Sono nato a Foligno ma ci sono rimasto poco meno di tre anni, quindi i ricordi sono ovviamente di seconda mano. Sono quelli di mia madre, che ne era profondamente innamorata.
È mai ritornato a Foligno o pensa di tornarci?
Ci sono tornato diverse volte, da grande, unendo l’utile al dilettevole. Negli anni ‘90 diverse volte ho lavorato in zona e ho sempre trovato il tempo per farci un salto. Ora però è tanto che manco.
Un suo commento sul Foligno calcio e l’attuale interdittiva antimafia.
È una brutta storia, purtroppo per niente sorprendente. Nel senso che non è certo un’esclusiva di Foligno. E sono felice che la parte buona della città ne abbia preso le distanze in maniera così netta.
Come ha percepito dall’esterno il terremoto che ha colpito recentemente l’Italia centrale?
Che dire, è come veder crollare la casa dove sei nato. Peraltro è quella parte del paese che maggiormente lo rappresenta, per tradizioni e bellezze storiche.
Conosce la Giostra della Quintana di Foligno?
Certo! Ho una bellissima foto da qualche parte con mio padre in divisa d’epoca! Credo fosse il ‘51…
Come appassionato di corsa, le farebbe piacere partecipare alla “Mezza maratona città di Foligno”? Noi saremmo orgogliosi della sua partecipazione.
Lo so, e sono molti anni che vengo invitato. Purtroppo sono ancora fermo ai box, ho corso troppo negli ultimi vent’anni e i miei tendini mi stanno presentando il conto.

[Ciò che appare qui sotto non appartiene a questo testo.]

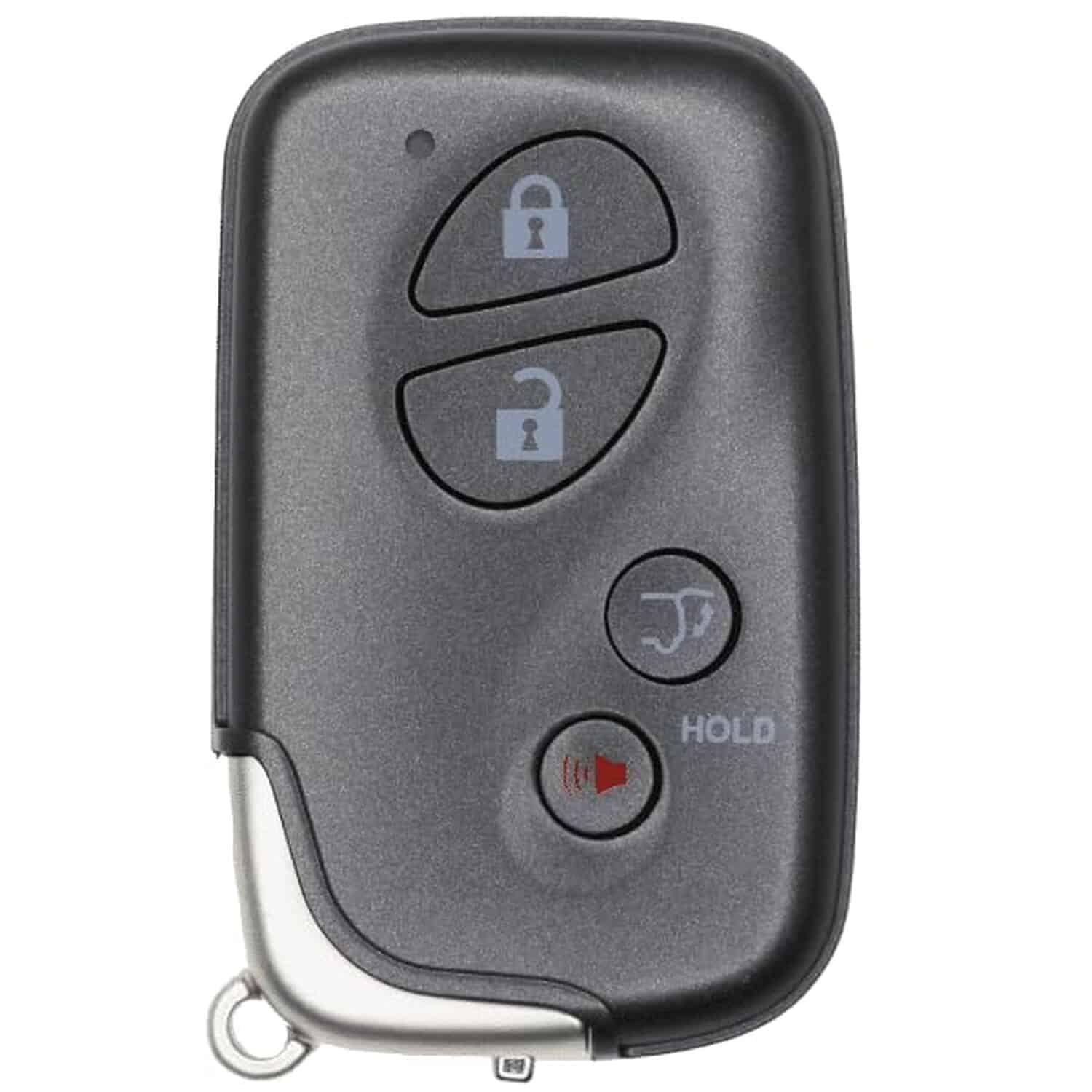 Version 1.0.0 UrbanX Replacement 2009 Lexus LX570 Key Fob – FCC: HYQ14AEM, HYQ14AAB – PN: 89904-60061, 89904-60A00 – 4 Button - Image 1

Mi descriva la sua figura di professionista e quella di padre di famiglia. Come concilia i due ruoli?
Sono quasi la stessa cosa: sia a casa che sul lavoro faccio il fratello maggiore, più che il padre o il direttore. Ho sempre un approccio molto diretto e disponibile, credo.
Lei è deejay, conduttore radiofonico, conduttore televisivo, direttore artistico e anche scrittore. Come preferisce che venga definito?
Come uno bravo a raccontare. È la cosa che so fare meglio, e mi piace usare anche strumenti diversi. Anche se la radio, evidentemente, è casa mia, la mia cameretta, il mio vestito più comodo.
Cosa ha rappresentato e cosa rappresenta ancora oggi la radio per lei.
La cosa che mi piace di più fare. Non sempre mi piace da ascoltare, sono molto esigente e in giro non c’è granché di nuovo, però farla, sapendola fare, è sempre meraviglioso.
Sui giornali e su internet si può leggere di lei che è una persona autentica nella vita e nel lavoro ma io chiedo a lei gentilmente di descriversi e spiegare come, la vita e il lavoro, l’hanno cambiata e resa la persona che è oggi.
La cosa che mi ha cambiato di più è stata diventare il direttore della radio. Ho dovuto cambiare drasticamente il modo di relazionarmi col mondo. Ho imparato ad essere chiaro, deciso, affidabile, ma anche ad ascoltare e rispettare i punti di vista. E, anche se farà sorridere, sono migliorato ulteriormente da quando corro o faccio sport. La disciplina della fatica.